In full disclosure, I just went through some of this when a pipe line was installed across a part of my land. This ground is land I bought years ago so that I'd always have a place to shoot and hunt. The two 36" underground pipelines set twenty feet apart required the clearing of my land 100' wide down the full length of my property. Since the land is not used for agriculture, I wasn't paid that much, but what I did get was a 100 foot wide cleared area that they mounded a twenty foot backstop on the rear of my ground and a smooth, hard packed gravel road all the way down. I ended up with a 1500yd range. Not everybody would have wanted this, but for my needs, it is a perfect improvement to my ground. One of my neighbors asked for trees to be replanted and they did that for him. Immature trees, of course, but they were very accommodating. They also put in a new culvert and access road that would have cost me tens of thousands to do.
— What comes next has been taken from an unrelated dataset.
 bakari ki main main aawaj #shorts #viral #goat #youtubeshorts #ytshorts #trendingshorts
All in all, it was well done.
The talk here is if the XL pipeline doesn’t go through, a large amount of the oil will be shipped west to Japan/China. If it doesn’t ship south, it WILL ship elsewhere.
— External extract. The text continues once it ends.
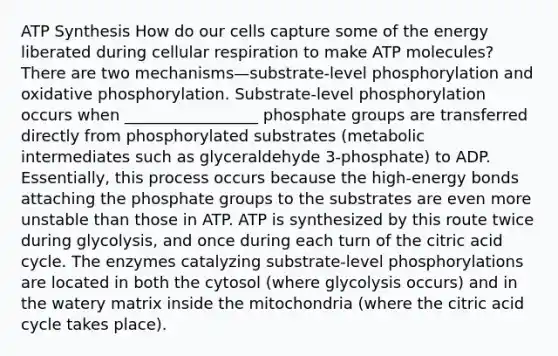 <a href='https://www.questionai.com/knowledge/kx3XpCJrFz-atp-synthesis' class='anchor-knowledge'>atp synthesis</a> How do our cells capture some of the energy liberated during <a href='https://www.questionai.com/knowledge/k1IqNYBAJw-cellular-respiration' class='anchor-knowledge'>cellular respiration</a> to make ATP molecules? There are two mechanisms—substrate-level phosphorylation and <a href='https://www.questionai.com/knowledge/kFazUb9IwO-oxidative-phosphorylation' class='anchor-knowledge'>oxidative phosphorylation</a>. Substrate-level phosphorylation occurs when _________________ phosphate groups are transferred directly from phosphorylated substrates (metabolic intermediates such as glyceraldehyde 3-phosphate) to ADP. Essentially, this process occurs because the high-energy bonds attaching the phosphate groups to the substrates are even more unstable than those in ATP. ATP is synthesized by this route twice during glycolysis, and once during each turn of the citric acid cycle. The enzymes catalyzing substrate-level phosphorylations are located in both the cytosol (where glycolysis occurs) and in the watery matrix inside the mitochondria (where the citric acid cycle takes place).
I’m also invested in a smaller private company which will produce 30,000 barrels per day with enough reserves to carry through 2038. Because of uncertainties with pipeline capacities and up-front infrastructure costs, their current business plan is to ship all of the oil by rail at an anticipated cost of $30 per barrel. Approval of XL would likely change that plan and provide cheaper oil to the market.
They'll drive REALLY slow if the oil and gas companies retaliate by refusing to sell any fuel to the gas stations of the area.
Nobody has the *right* to civil disobedience. They have the right to peaceably assemble, but they don't have the right to trespass or harm another's equipment or workplace.
http://www.discoverthenetworks.org/viewS...
Do any of them have ANY idea how stupid that idea would be? So they protest it?
No, they DO have "the right" to protest with "civil disobedience"!
They also have "the right" to be arrested for breaking any and all laws they violate in the process, too!
She didn't spend too terribly much time thinking about Luddism.
Which is what we see here.
Climate change from burning stuff on a large scale will be very costly in the future, but it's not like if they don't build this pipeline, we won't burn fuel. That's a separate and important issue.
I'm glad both sides are pushing hard, sifting and winnowing as it were.
There is no logical reason not to build the pipeline.
Where is John Galt when you need him?